▶ **Task prompt**
From the listing that follows, reproduce only the lines from the one holding "Asymmetric Trapezoid Nappa" through the one holding "くまモン112柄 刺繍 首掛け", both included, with no pictures.

▶ **Information provided**
——————

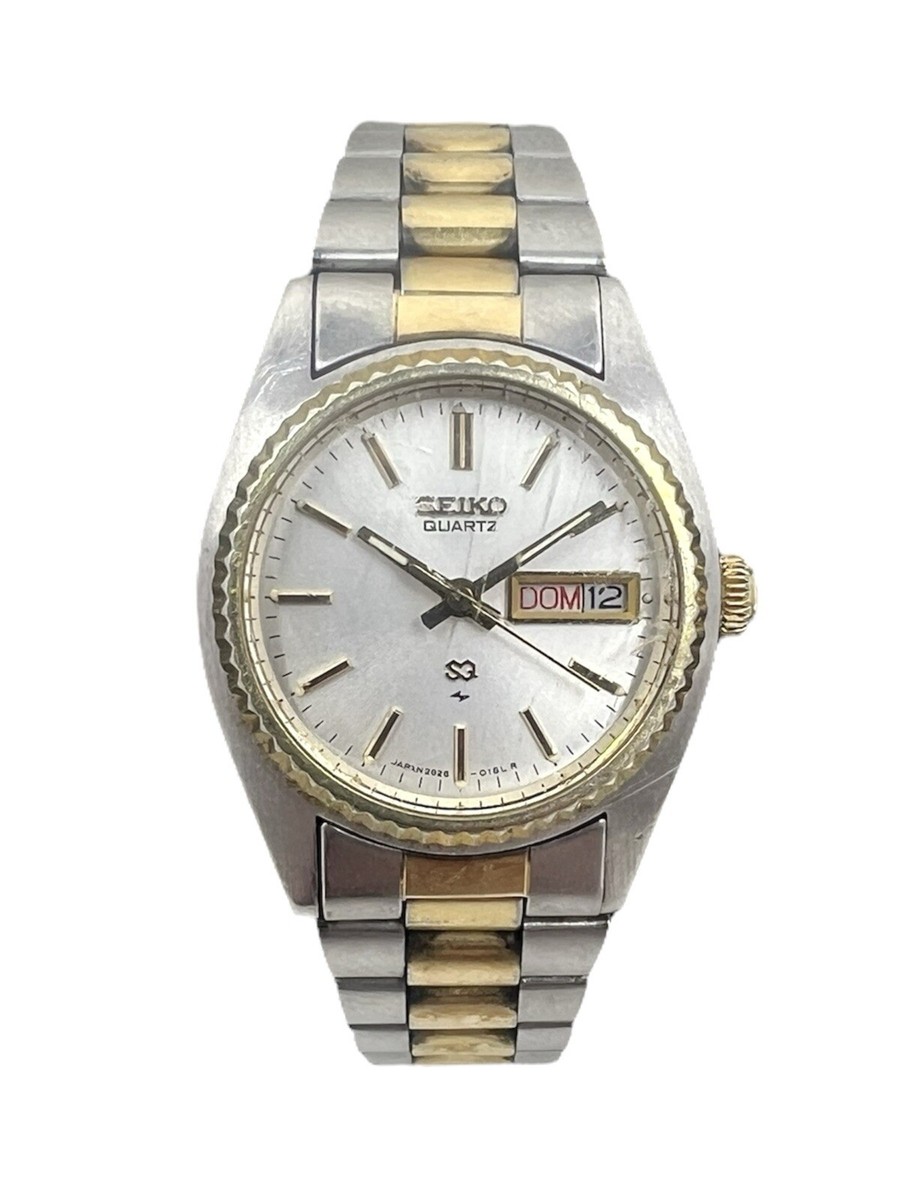 AS IS Seiko Two Tone Day Date Ladies 24mm Watch 2626-0159 For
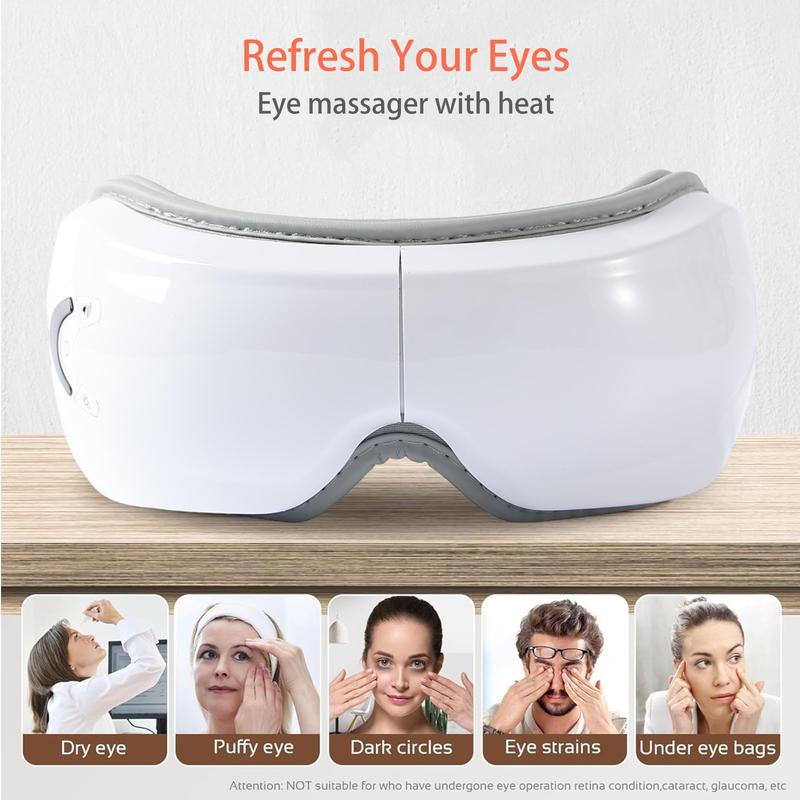 Rechargeable Electric Eye Massager, 1 Box Foldable Eye Massage Tool with 5 Modes, Eye Care Portable Massager for Women & Men, Christmas Gift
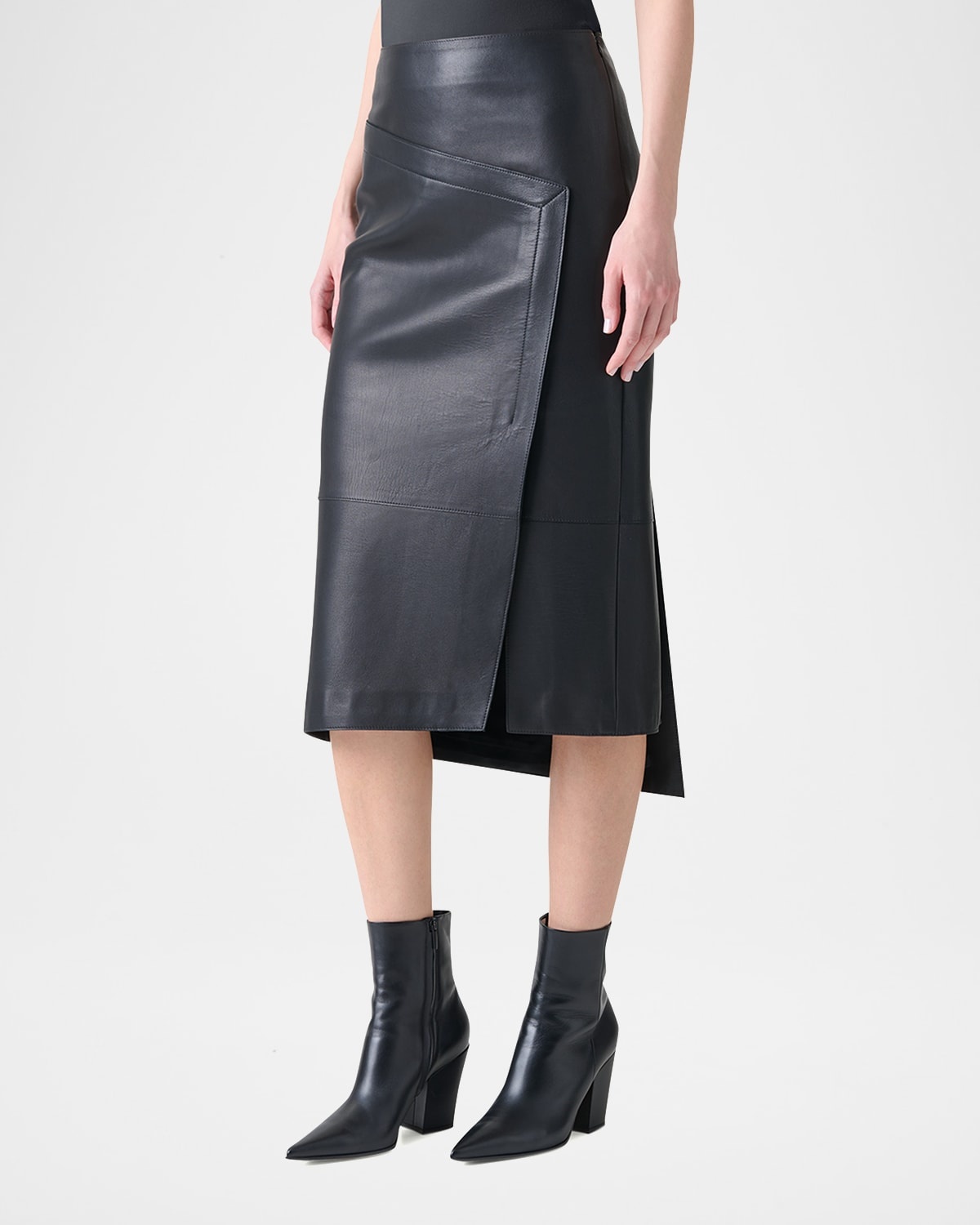 Asymmetric Trapezoid Nappa Leather Midi Skirt - 4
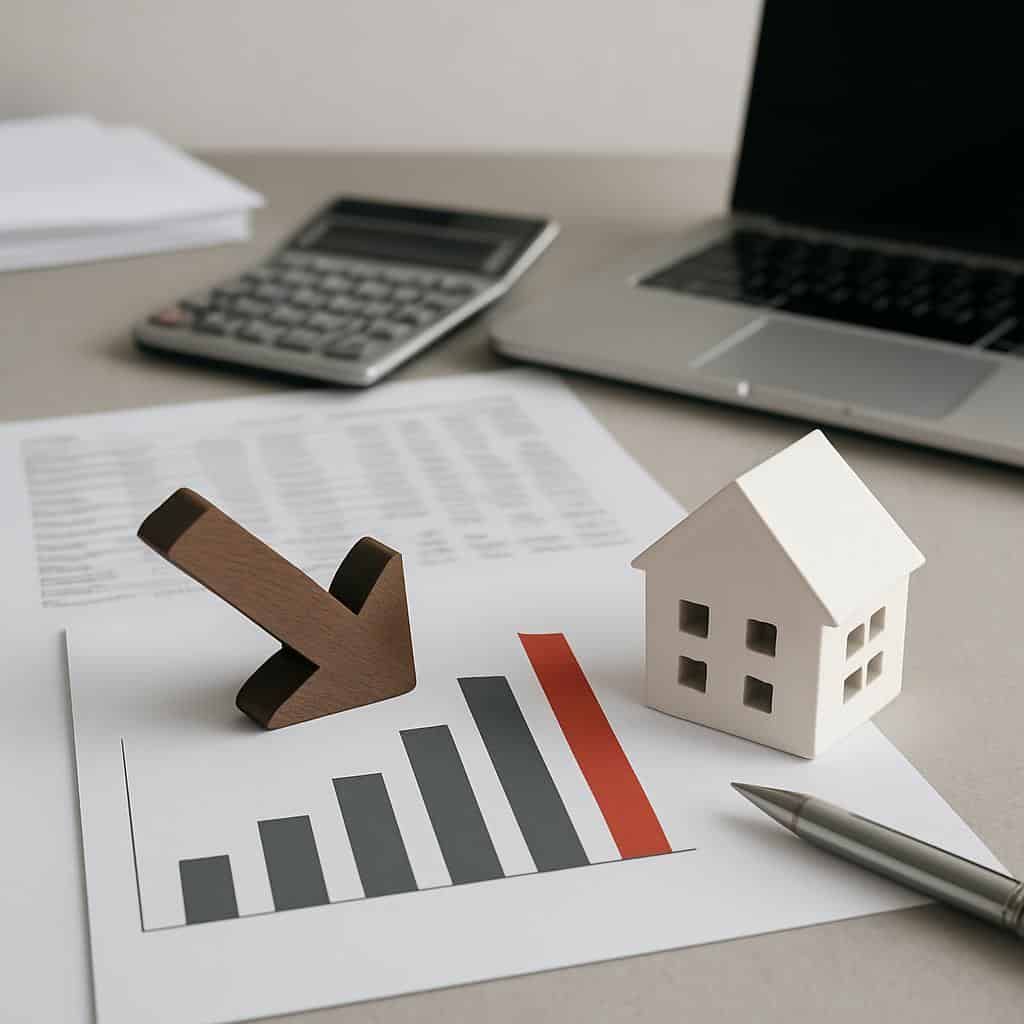 Modellhaus neben Balkendiagramm mit fallendem Pfeil Rechner und Stift symbolisiert sinkende Immobilienpreise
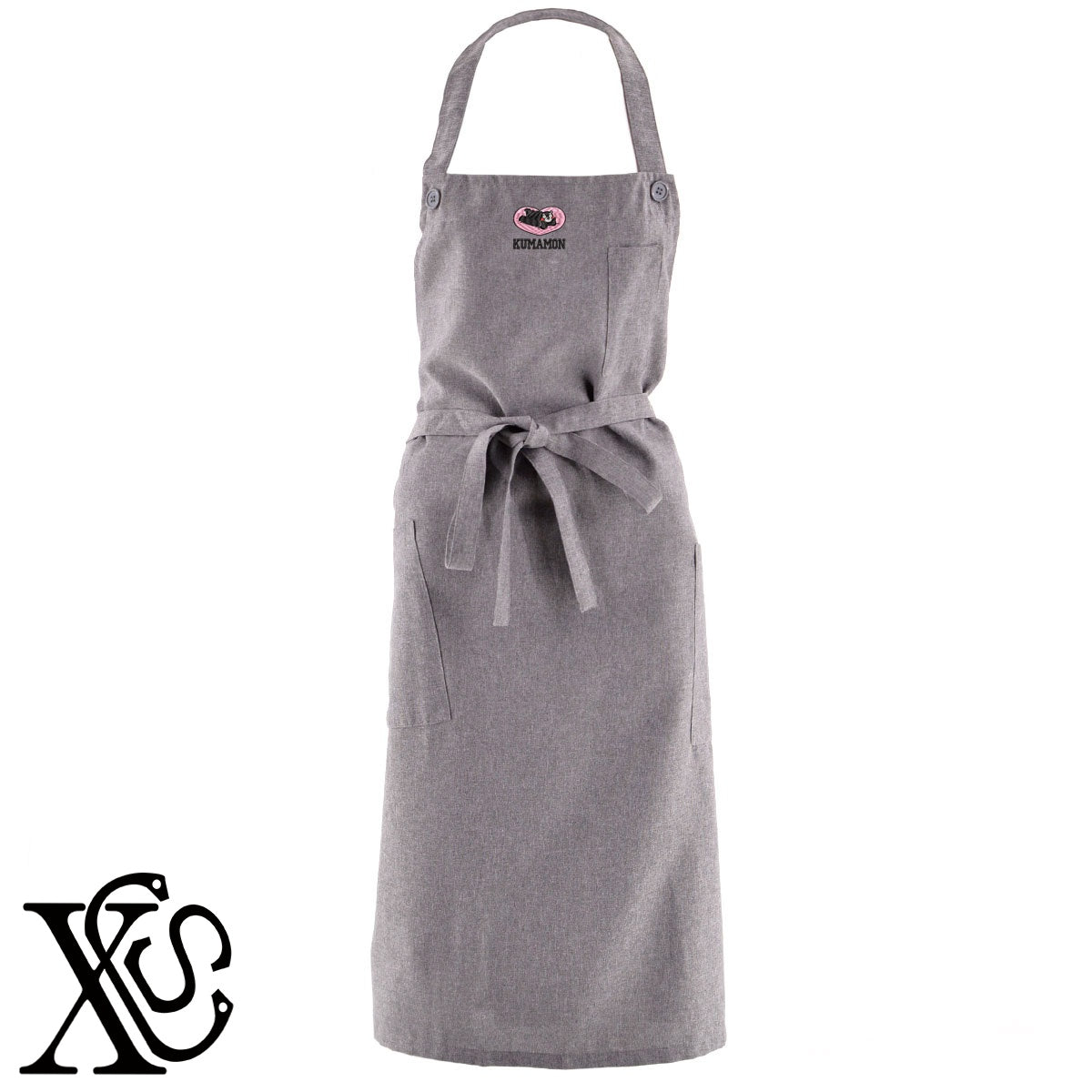 くまモン112柄 刺繍 首掛け ロング エプロン ワンピース レディース 撥水加工 カフェ 業務用 保育士 飲食店 サロペット サロン【X-CLOTHES】オリジナル グッズ 刺繍 ワンポイント 雑貨【b 杢ベージュ 杢グレー ブラック】 【4くまモン-A】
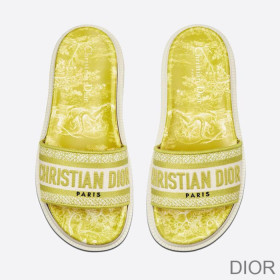 Dior Dway Slides Women Toile De Jouy Motif Cotton Lemon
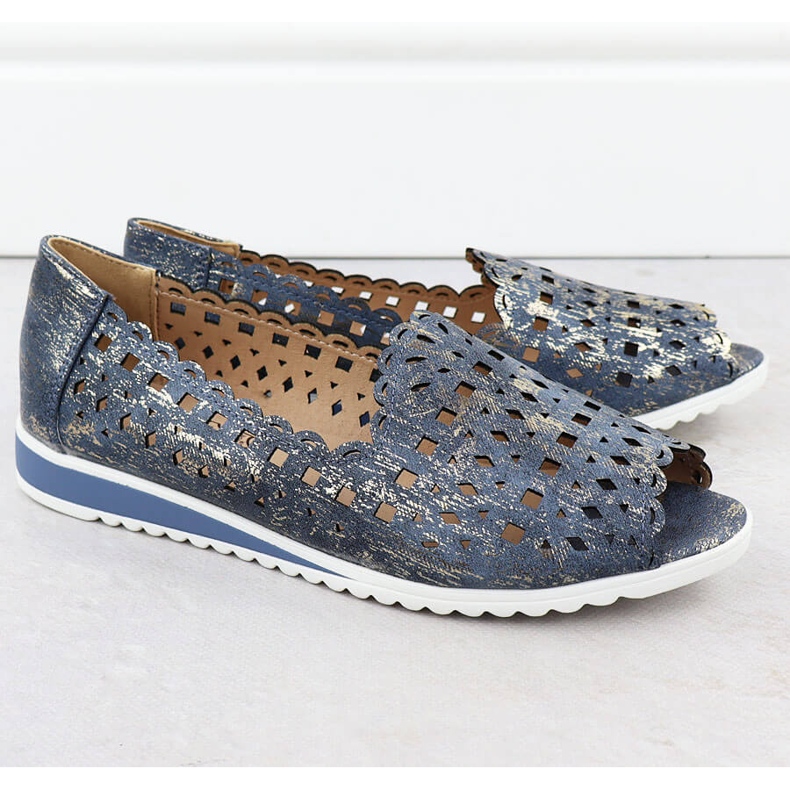 Scarpe da lavoro da donna Openwork jeans jeans jezzi asa135-1 blu 2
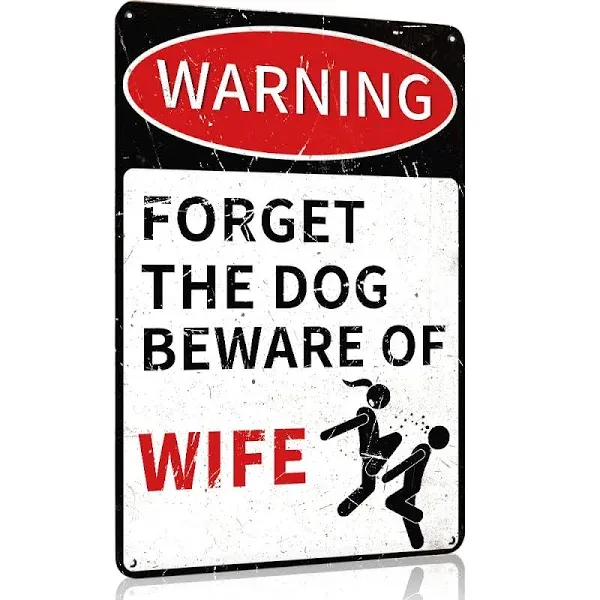 Funny Metal Garage Signs For Men Room Decor Little Man Cave Sign Vintage Bar Home Pub Office Wall Decorations, Forget The Dog Beware Of Wife Tin Signs 8x12Inch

——————

▶ **Answer section**
 Asymmetric Trapezoid Nappa Leather Midi Skirt - 4
 Modellhaus neben Balkendiagramm mit fallendem Pfeil Rechner und Stift symbolisiert sinkende Immobilienpreise
 くまモン112柄 刺繍 首掛け ロング エプロン ワンピース レディース 撥水加工 カフェ 業務用 保育士 飲食店 サロペット サロン【X-CLOTHES】オリジナル グッズ 刺繍 ワンポイント 雑貨【b 杢ベージュ 杢グレー ブラック】 【4くまモン-A】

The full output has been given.